Question: One of my surgeons wants to charge standby services (99360) for the time he has to wait while a frozen section is sent to pathology. Is this allowed? Colorado Subscriber
Answer: The use of standby code 99360 (Physician standby service, requiring prolonged physician attendance, each 30 minutes [e.g., operative standby, standby for frozen section, for cesarean/high-risk delivery, for monitoring EEG]) is not appropriate in this case. Although the descriptor for 99360 mentions "standby for frozen section," CPT rules specify three requirements for reporting standby services:
1. Another provider must request the service.
2. The service is not face-to-face with the patient.

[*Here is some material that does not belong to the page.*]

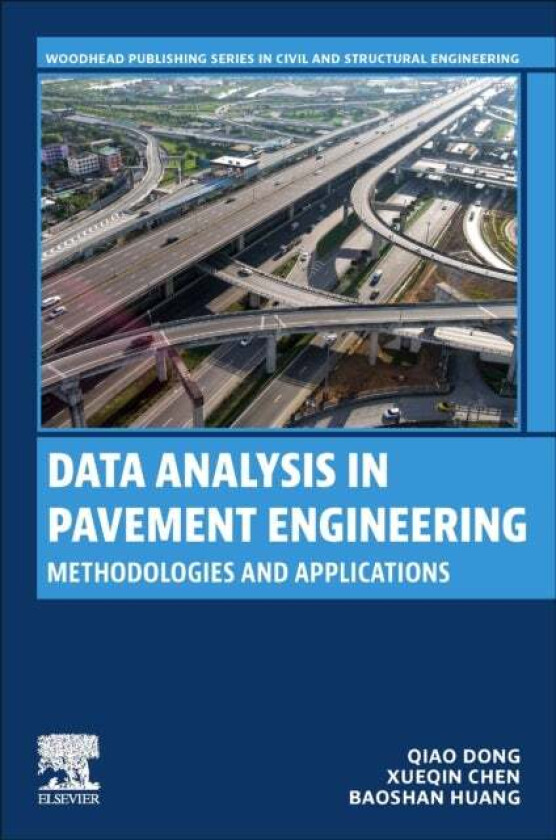 Data Analysis in Pavement Engineering av Qiao (Southeast University Department of Roadway Engineering School of Transportation Nanjing Jiangsu China)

3. Standby services cannot be used with procedures that involve a global period. Specifically, CPT instructs, "It [99360] is not used if the period of standby ends with the performance of a procedure subject to a 'surgical' package by the physician who was on standby." In this case, the surgeon awaiting the pathology report is also operating on the patient (that is, he is providing a procedure with a global surgical package), and therefore the time he spends awaiting the report is "bundled to" the surgical procedure and not separately billable with 99360 or any other code. More appropriately, a surgeon may report 99360 if a second surgeon asks him to standby during an especially difficult surgery in case additional help is needed. In this case, the surgeon providing standby services may report a single unit of 99360 only after 30 minutes have passed (standby services of less than 30 minutes are not reportable). Likewise, he may report a second unit of 99360 only after an additional 30 minutes has passed. For example, you should report 85 minutes of standby time as 99360 x 2, whereas you can bill 95 minutes of standby time with 99360 x 3.